> [Exercise brief]: The output should match, line for line, the records from the line containing "That's a pretty" through the line containing "This is another", with every picture left out.

> [Extracted records]:
════════════════════

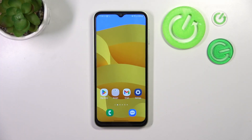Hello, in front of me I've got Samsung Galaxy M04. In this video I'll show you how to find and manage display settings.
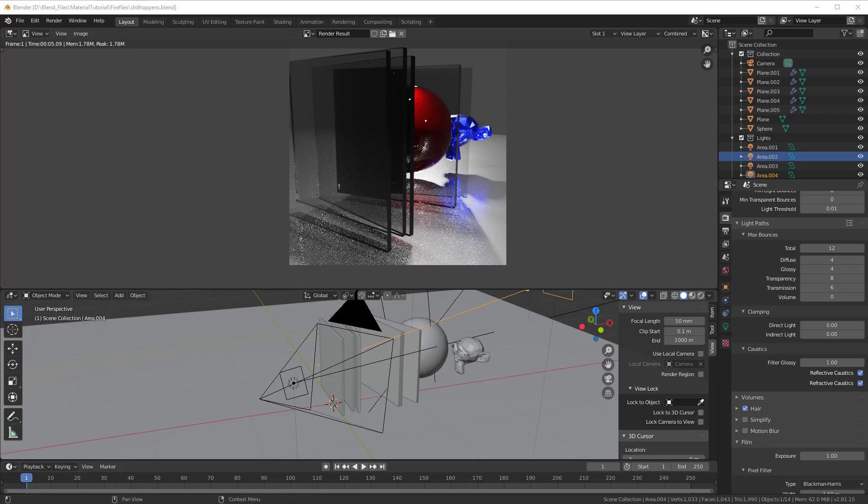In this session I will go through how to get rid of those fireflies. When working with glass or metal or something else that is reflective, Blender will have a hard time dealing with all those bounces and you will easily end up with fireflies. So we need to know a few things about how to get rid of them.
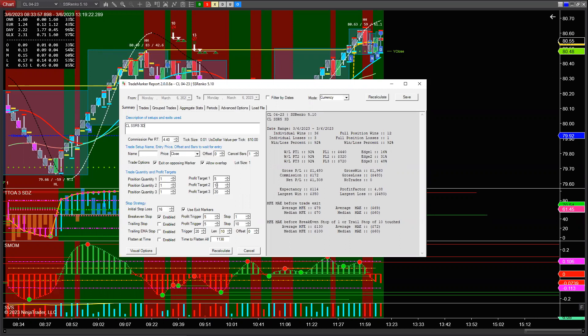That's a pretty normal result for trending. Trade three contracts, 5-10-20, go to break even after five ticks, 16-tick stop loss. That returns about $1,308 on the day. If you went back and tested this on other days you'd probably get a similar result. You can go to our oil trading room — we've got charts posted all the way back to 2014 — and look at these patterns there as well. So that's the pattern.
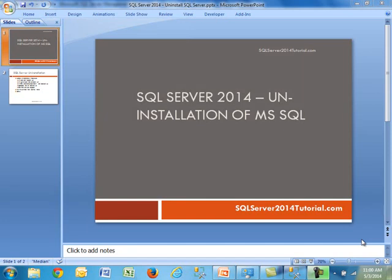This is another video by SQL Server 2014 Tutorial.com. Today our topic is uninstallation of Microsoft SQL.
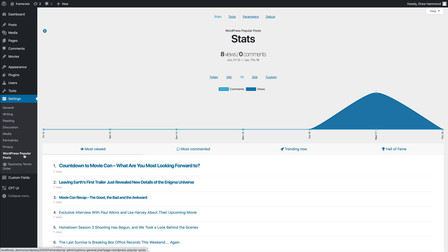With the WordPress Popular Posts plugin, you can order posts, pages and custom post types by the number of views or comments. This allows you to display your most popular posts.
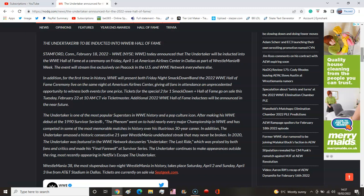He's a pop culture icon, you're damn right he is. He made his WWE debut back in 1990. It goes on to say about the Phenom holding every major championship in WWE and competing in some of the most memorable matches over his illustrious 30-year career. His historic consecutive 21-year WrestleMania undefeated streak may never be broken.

════════════════════

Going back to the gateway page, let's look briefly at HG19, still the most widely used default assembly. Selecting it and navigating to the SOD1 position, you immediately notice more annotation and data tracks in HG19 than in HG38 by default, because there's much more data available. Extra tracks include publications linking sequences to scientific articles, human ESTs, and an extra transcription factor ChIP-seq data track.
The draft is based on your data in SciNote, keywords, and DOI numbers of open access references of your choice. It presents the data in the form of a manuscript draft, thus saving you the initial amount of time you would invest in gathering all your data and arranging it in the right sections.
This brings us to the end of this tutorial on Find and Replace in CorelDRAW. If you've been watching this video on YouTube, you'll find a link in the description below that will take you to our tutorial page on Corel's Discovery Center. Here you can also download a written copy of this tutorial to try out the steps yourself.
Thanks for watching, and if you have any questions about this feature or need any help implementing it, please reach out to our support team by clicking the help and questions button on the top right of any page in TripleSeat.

════════════════════

> [Task result]:
That's a pretty normal result for trending. Trade three contracts, 5-10-20, go to break even after five ticks, 16-tick stop loss. That returns about $1,308 on the day. If you went back and tested this on other days you'd probably get a similar result. You can go to our oil trading room — we've got charts posted all the way back to 2014 — and look at these patterns there as well. So that's the pattern.
This is another video by SQL Server 2014 Tutorial.com. Today our topic is uninstallation of Microsoft SQL.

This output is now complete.